Description of the task
For this exercise, an exact copy is needed of only the lines from the one containing "отправлен под арест" through the end of the data, with pictures left out.

Data to use
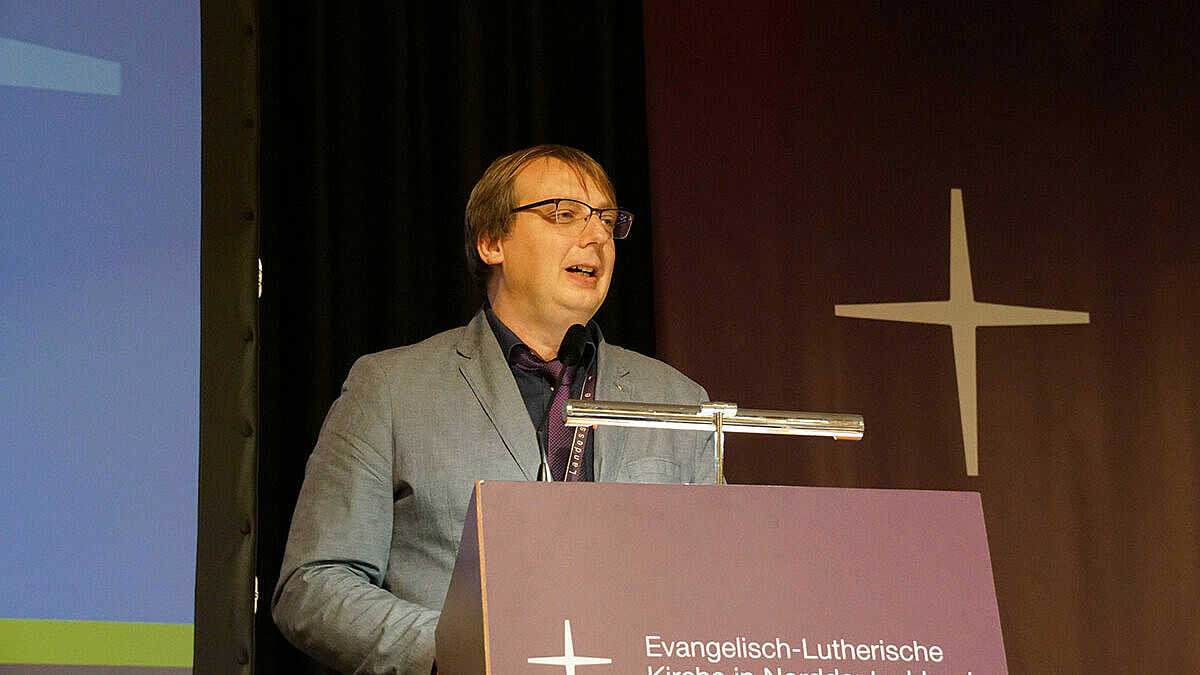 Propst Marcus Antonioli warb in seiner Einbringung vor den Landessynodalen dafür, der revidieren Perikopenordnung zuzustimmen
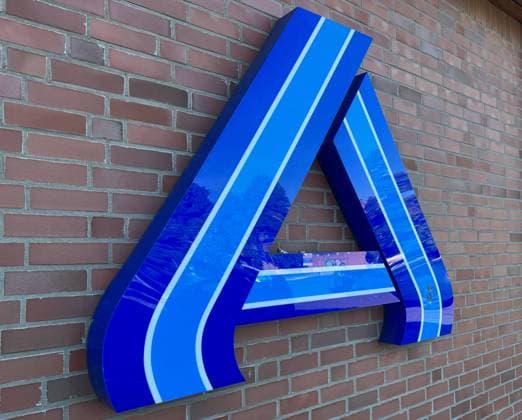 Schild des Lebensmittel-Discounters ALDI *** Sign of the food discounter ALDI Copyright: xmix1xPhotosx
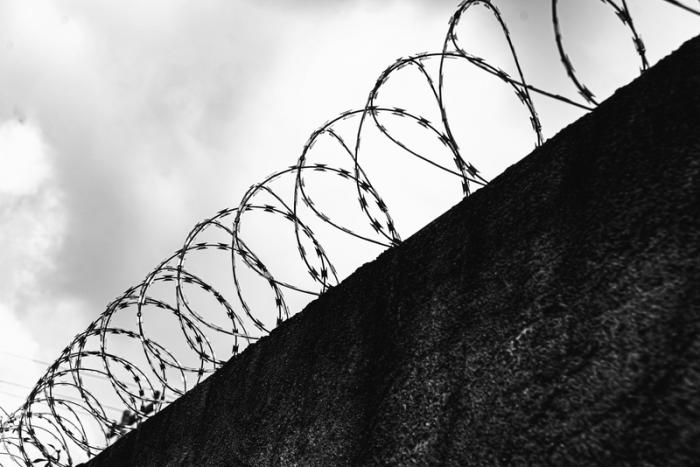 "За решеткой в Екатеринбурге": охранник, насиловавший близняшек в Доме творчества, отправлен под арест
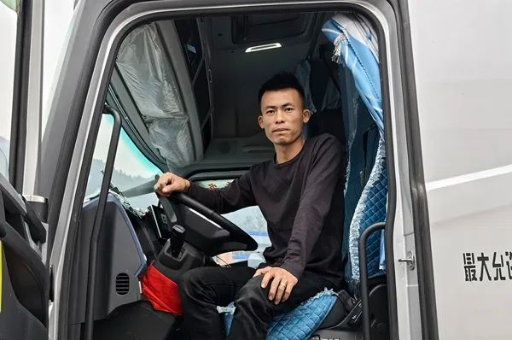 李明明：始于颜值，忠于品质 北京重卡跑绿通运输 “真香” | 卡车之友网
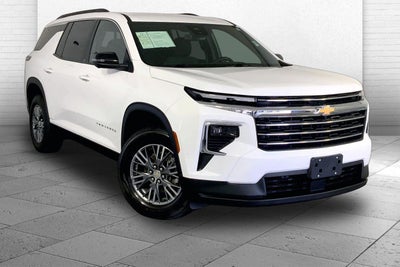 2024 Chevrolet Traverse LT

Response
 "За решеткой в Екатеринбурге": охранник, насиловавший близняшек в Доме творчества, отправлен под арест
 李明明：始于颜值，忠于品质 北京重卡跑绿通运输 “真香” | 卡车之友网
 2024 Chevrolet Traverse LT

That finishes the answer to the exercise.